Şiir Tutkusu

Menü

Aşk ve Ölüm

Bazen, güzel bir kadının saçında kalır gizli.
Bazen bir bakış, bir dokunuş, bir seslenişle gösterir kendini.
Kölesi eder sarayına alanları.
İçindeki dipsiz kuyuyu bilmeyenleri cezbeder sarayın altınları.
Susadığında kaynar su, üşüdüğünde buzdan battaniye olur.
Asıl ateş söner, beşeri ateş hayallere yapar kur.
Gözünü kapatan da o olur açan da.
Söz geçiremezsin başlangıcı ile bitişi arasındaki dağlara.
Kıyamet kopsun istersin, kimse geride kalmasın.
Her derdin tek kapıya açılır, arkadaşlık eder yasın.
Cibril zembille indirmiştir bunu sanki.
Bunun adı aşk, aşkı hangi fani tatmadı ki…

Nereye gitse taşır elinde, saçında, yüzünde senin aşkını.
Suçlu olan siz değil, aşktır.
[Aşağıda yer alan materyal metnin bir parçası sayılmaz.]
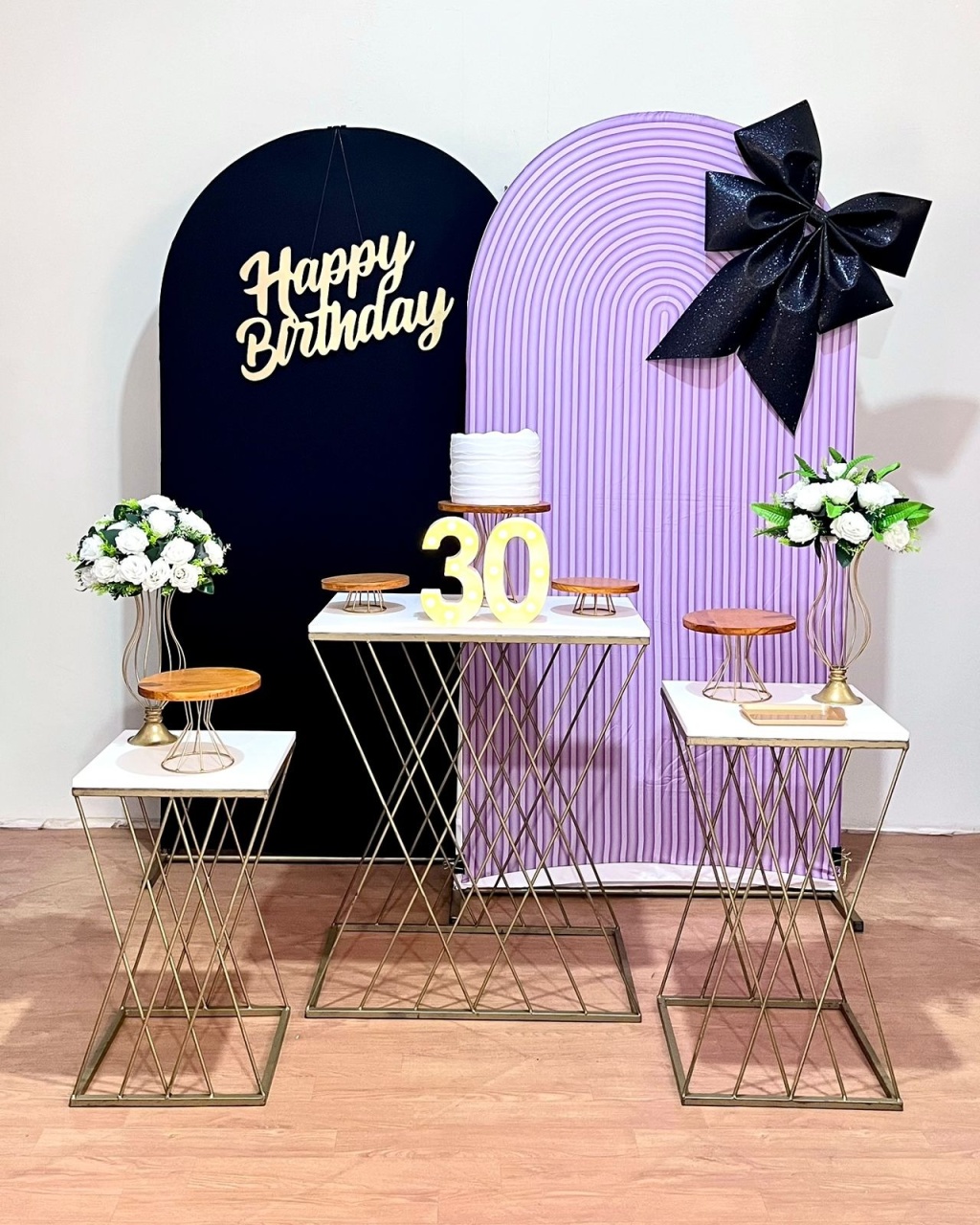 Laço Lilas E Preto - Composição Mesa Treliça  - FestAí Pegue Monte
Bu yüzden biri tutar aşkın yasını.
Kime gitsen ona yeminlidir bendin.
O kime gitse hiçbir iz yokken ‘’O benimdi’’ dersin.
Elinden geleni yaptığına inanmak anahtardır bu işte.
Trafik kurallarına uyman kaza olmayacağı anlamına gelmemekte.
Yaşam gibi gelmiştir, ölüm gibi gider.
Akan hayatı izlersin ya da bulursun hayatın içinde kendine bir yer.
Kimin hayatında gidenler yoktur ki.
Bin kere tövbe edersin aşka.
Bin tövbe bozulur, bir kere aşk kapını çaldığında.
Tipini önemsiz bulursun, değişikliğe gidersin şeklinde.
Ceviz de dışarıdan bir şeye benzemiyor; ama neler var içinde.
Kalbinin ağzı olsa da dile gelse istersin.
Yastığın ıslaktır.
Hiçbir haline, acına acıyıp yardıma gelmez Hızır.
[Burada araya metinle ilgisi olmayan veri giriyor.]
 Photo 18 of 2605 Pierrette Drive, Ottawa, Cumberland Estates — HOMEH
Yaşarsın nasıl yaşadığından habersiz.
Güya söylenecek yoktur, sen aklıselim diğerleri keriz.
‘’Al aşkını başına çal.’’ İsyanları başlar.
Felsefe, psikoloji, metafizik aklında derin düşüncelere yol açar.
Ver dersin ki: ‘’Her şey beynin oyunu, yürüyen et parçalarıyız.’’
Hipnoz etmiştir seni, beyinden kalbe akar kımız.
‘’Kimler unutmadı ki beni, ben kimleri unutmadım ki…’’
İşte bu sözler kendini avutmanın en güzel bahaneleri.
Aşkın bir halüsinasyon olduğunu anlayınca başlar kasırgalar.
Her kasırganın içinde aşka inansan da inanmasan da o var…
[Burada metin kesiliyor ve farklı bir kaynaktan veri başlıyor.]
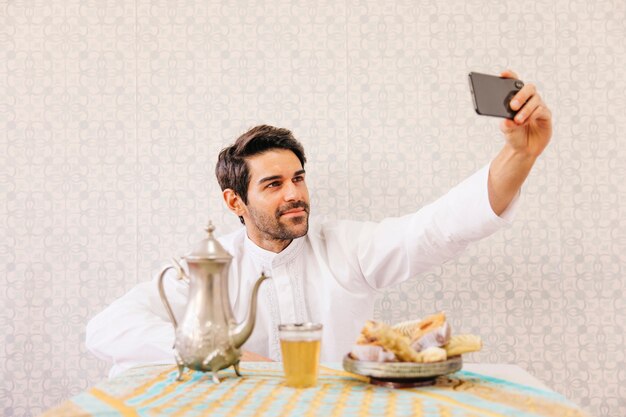 Muslimischer Mann unter Selfie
Ona bağlanmışsındır, alışmışsındır artık.
Bünyene işleyen hayalleri bir kelime, bir gidiş etmiştir yazık.
Öyle yoğun hissedersin ki Tanrı’yı unutursun.
Zamanla asıl önemli tarafın tutmuştur yosun.
Yavaştan anlarsın ki aşk sadece aşk değilmiş.
Aşk; imtihan ve sınama için var olmuş bir iş.
Nefret duymaya başlayınca aşkın sesi kesilir.
İçinde bir yer yanarken aşkın üzeri tutmuştur kir.
Bir kere görsen duyguların depreşir; çünkü gözde sevdin.
İstediğin sevgi olmadı diye asıl sevgiliye duyarsın kin.
Ne insanlar görürsün görünürde hiçbir kusuru yoktur.
Hangi dünya nimeti, sahibini topraktan korur.
Hangi şöhret, hangi güzellik toprağa meydan okuyabilmekte?
Diyen var mıdır ki: ‘’Yaşlanma yok benim tenimde.’’
Aşk yalnızca bedenlerle alakalı bir mevzu ise,
Aşkı hayvanlardan öğrenmek gerekir sadece.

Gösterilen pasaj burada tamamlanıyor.